Hoje, “Cinema e Psicanálise nas Brechas” completa um ano. Estou feliz. E afirmo isso com a alegria de quem acende uma pequena vela no meio do dia e, ao soprá-la, percebe que o gesto é maior do que parece. Há exatamente um ano, na 25ª edição das Satyrianas, reunimo-nos pela primeira vez não para fundar uma doutrina – longe disso –, mas para inaugurar um modo de olhar. Um jeito de escutar o mundo por dentro das suas fissuras, das frestas, das interrupções onde tantas vezes a psicanálise tradicional não ousou pousar.
“Psicanálise nas brechas” nasceu assim. Como quem se abaixa para ouvir o que ecoa debaixo das teorias, entre os silêncios, no intervalo das imagens. Para nós, as brechas não são falhas, mas passagens. São lugares onde vidas inteiras insistem em existir apesar das violências, dos apagamentos e do peso secular de vozes que vieram de longe, de um outro mundo, impondo pretensas universalidades. Foi ali, naquele encontro inaugural, que entendemos que a psicanálise pode – e deve! – caminhar para além dos seus próprios limites, abrindo espaço para os territórios colonizados, para as peles que carregam memórias feridas, para as histórias que nunca couberam nos manuais.

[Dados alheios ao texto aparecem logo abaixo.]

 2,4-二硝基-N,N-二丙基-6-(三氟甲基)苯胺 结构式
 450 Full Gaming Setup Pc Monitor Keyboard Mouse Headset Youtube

Eu me orgulho de fazer parte desse coletivo que, desde o primeiro dia, ousou aproximar arte e psicanálise com a delicadeza de quem junta duas mãos que já se desejavam. O cinema, sobretudo, tornou-se nosso aliado mais íntimo. Cada plano, cada corte, cada sombra nos devolve perguntas que, de alguma forma, já estavam esperando por nós. A arte nos ajuda a pensar subjetividades que não cabem em molduras, a enfrentar ideologias que atravessam o corpo e a escutar o que a história tentou silenciar.
Somos um grupo múltiplo, generoso e barulhento no melhor dos sentidos: Isildinha Baptista Nogueira, Ana Lucia Bastos, Bruna Elage, Lilian Carbone, Luciana Chauí, Patricia Villas-Bôas, Roberta Kehdy, Vera Lucia Barbosa e eu. Nossos nomes, juntos, formam uma espécie de trilha sonora. Cada um com sua cadência, seu timbre, seu lugar no coro.

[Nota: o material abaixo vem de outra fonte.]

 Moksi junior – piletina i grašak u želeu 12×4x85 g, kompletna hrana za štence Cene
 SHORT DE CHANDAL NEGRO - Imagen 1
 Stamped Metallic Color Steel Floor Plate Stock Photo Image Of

E hoje, na edição de aniversário, celebramos, mais uma vez, com cinema. Esse lugar onde o inconsciente ganha corpo e as perguntas ganham imagem. Exibiremos o filme “Virginia e Adelaide” (2025), de Jorge Furtado e Yasmin Thayná. Um filme que acompanha a amizade improvável entre duas mulheres separadas por gerações, mas unidas pela urgência de reinventar suas próprias histórias. Virginia, uma intelectual negra que atravessou o país colecionando silenciamentos e resistências; Adelaide, uma jovem artista em busca de uma linguagem capaz de curar suas feridas mais antigas. Juntas, elas constroem um território afetivo onde memória, identidade e desejo se entrelaçam. Uma espécie de refúgio poético diante de um mundo que ainda insiste em classificá-las, reduzir suas potências, limitar seus futuros.

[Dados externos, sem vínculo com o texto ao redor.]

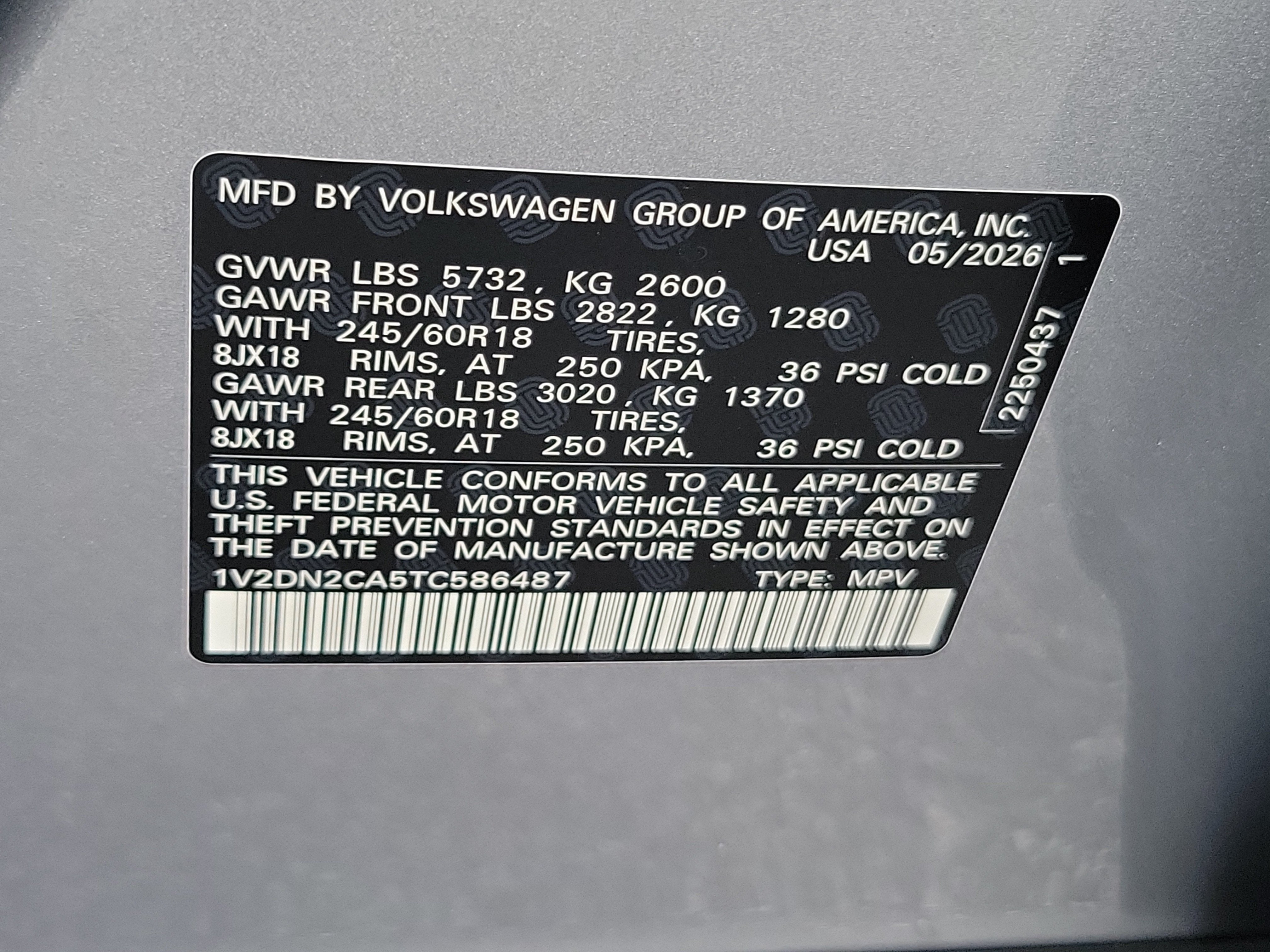 2026 Volkswagen Atlas 2.0T SE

Para conversar sobre o filme, teremos a presença da atriz Lilian de Lima e da psicanalista Rosa Rodrigues, com mediação luminosa de Isildinha Baptista Nogueira. Porque não basta assistir. Épreciso atravessar o filme e deixar que ele nos atravesse, permitindo que suas imagens façam trabalhar aquilo que, em nós, ainda carece de nome.
Ao longo desse ano, aprendemos muito sobre o que significa praticar uma psicanálise que se implica no mundo. Uma psicanálise que reconhece Lélia Gonzalez e Frantz Fanon como faróis. Que sabe que o inconsciente não nasce no vazio, mas num território marcado por línguas, raças, violências, desejos, ancestralidades. Uma psicanálise que entende que o sujeito é atravessado pela história, e que não há clínica possível que não leve isso em conta.
Hoje celebramos. Não apenas o aniversário do coletivo, mas o gesto inaugural que nos uniu. A escolha de trabalhar nas fendas, de confiar que é ali, justamente ali, que as coisas começam a respirar. Celebramos também a beleza de estarmos juntos, construindo pensamento, criando espaço para novas existências, abrindo caminhos onde antes só havia limite.
Completar um ano é pouco e, ao mesmo tempo, imenso. Se há algo que as brechas nos ensinaram é que grandes transformações começam no mínimo. Num olhar que quebra uma lógica, numa conversa que desloca uma certeza, numa imagem que rasga o véu do óbvio. Hoje, é isso que festejamos. E seguimos. Atentos, curiosos, disponíveis. Porque as brechas continuam nos chamando.
E nós, que vivemos delas, seguimos respondendo com alegria. Viva as brechas!